Journal of Applied Physiology ◽

10.1152/japplphysiol.00327.2014 ◽

2015 ◽

Vol 118 (3) ◽

pp. 365-376 ◽

Cited By ~ 12

Author(s):

Jakob L. Dideriksen ◽

Silvia Muceli ◽

Strahinja Dosen ◽

Christopher M. Laine ◽

Dario Farina

Keyword(s):

Electrical Stimulation ◽

Motor Unit ◽

High Frequency ◽

Muscle Activation ◽

Motor Units ◽

H Reflex ◽

Motor Unit Recruitment ◽

Afferent Stimulation ◽

Reflex Responses ◽

Stimulation Of

Neuromuscular electrical stimulation (NMES) is commonly used in rehabilitation, but electrically evoked muscle activation is in several ways different from voluntary muscle contractions. These differences lead to challenges in the use of NMES for restoring muscle function. We investigated the use of low-current, high-frequency nerve stimulation to activate the muscle via the spinal motoneuron (MN) pool to achieve more natural activation patterns. Using a novel stimulation protocol, the H-reflex responses to individual stimuli in a train of stimulation pulses at 100 Hz were reliably estimated with surface EMG during low-level contractions. Furthermore, single motor unit recruitment by afferent stimulation was analyzed with intramuscular EMG. The results showed that substantially elevated H-reflex responses were obtained during 100-Hz stimulation with respect to a lower stimulation frequency. Furthermore, motor unit recruitment using 100-Hz stimulation was not fully synchronized, as it occurs in classic NMES, and the discharge rates differed among motor units because each unit was activated only after a specific number of stimuli.
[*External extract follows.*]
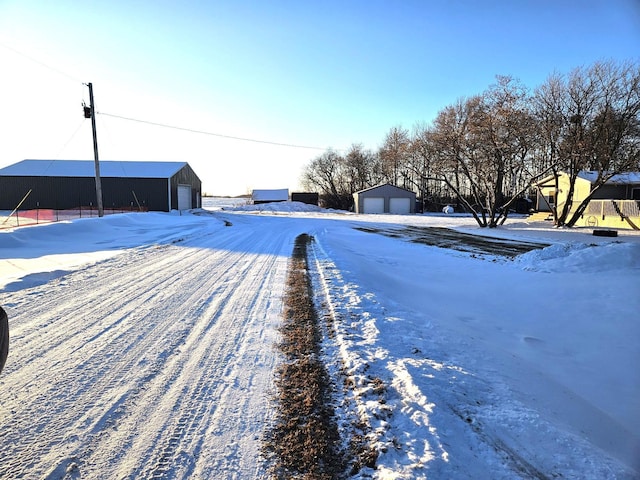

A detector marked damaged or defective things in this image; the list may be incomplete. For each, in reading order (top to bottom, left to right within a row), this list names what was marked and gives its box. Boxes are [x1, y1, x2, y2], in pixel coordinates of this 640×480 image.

The most likely mechanism behind these observations is the temporal summation of subthreshold excitatory postsynaptic potentials from Ia fibers to the MNs. These findings and their interpretation were also verified by a realistic simulation model of afferent stimulation of a MN population. These results suggest that the proposed stimulation strategy may allow generation of considerable levels of muscle activation by motor unit recruitment that resembles the physiological conditions.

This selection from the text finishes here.